While I didn’t have the blessing of meeting Gleaves until the end of that decade (thank you, Winston, for the introduction), Gleaves became somewhat of a intellectual model for me, and I couldn’t get the questions that he or Mark Henrie (in the same issue, a wonderful piece entitled, “The Road to the Future”) had posed out of my mind.
We had “won” the Cold War, but we now seemed to have lost purpose.
“The very notion of norms, of first principles, of objective truths,” Gleaves fumed in that article, “is anethema to a generation that believes the Ten Commandments are Ten Suggestions.” Now, he was starting to sound much like my six-grade teacher, Sister Patricia Martinez, a fiercely intelligent Dominican Nun whom I had greatly respected. Was it ok, I wondered to leave the realm of logic and reason (Chicago and Austrian economics are nothing if not rational) and enter the suspect world of my childhood, a world in which ethics and morals were taken as simple “musts” for my fellow Kansans?

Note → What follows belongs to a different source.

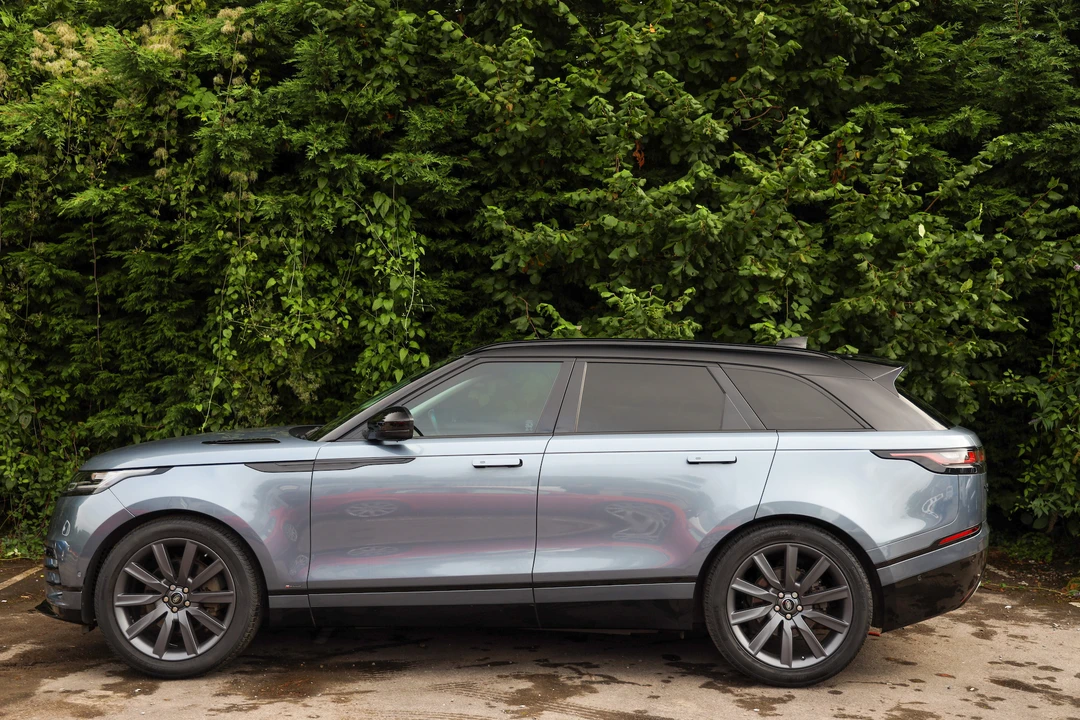 2018 Land Rover Range Rover Velar - Image 8 of 31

Gleaves referenced men whose names I’d heard at Notre Dame, but only in passing: Romano Guardini, Christopher Dawson, and Martin D’Arcy.
In every way, the four men mentioned in the last sentence/paragraph have shaped my own thoughts and writings on the world. As noted above, I finally had the chance to meet the first author named, Gleaves, in the late 1990s at Winston Elliott’s Free Enterprise Institute in Houston. I found in Gleaves the person even more than I had found in Gleaves the writer. Indeed, I found an intellectual inspiration, mentor, and brother. He has remained such for well over a decade now.
Ideas do, indeed, have consequences. So do friendships.
But, back on that Delta flight, screaming toward Frankfort at 650mph. The best part of Gleaves’s essay was still to come—in the penultimate paragraph. I won’t retype or paraphrase it here. But I will state this: when I read this paragraph for the first time, I knew what I wanted to do with my life.
That penultimate paragraph is still for you to discover. Enjoy.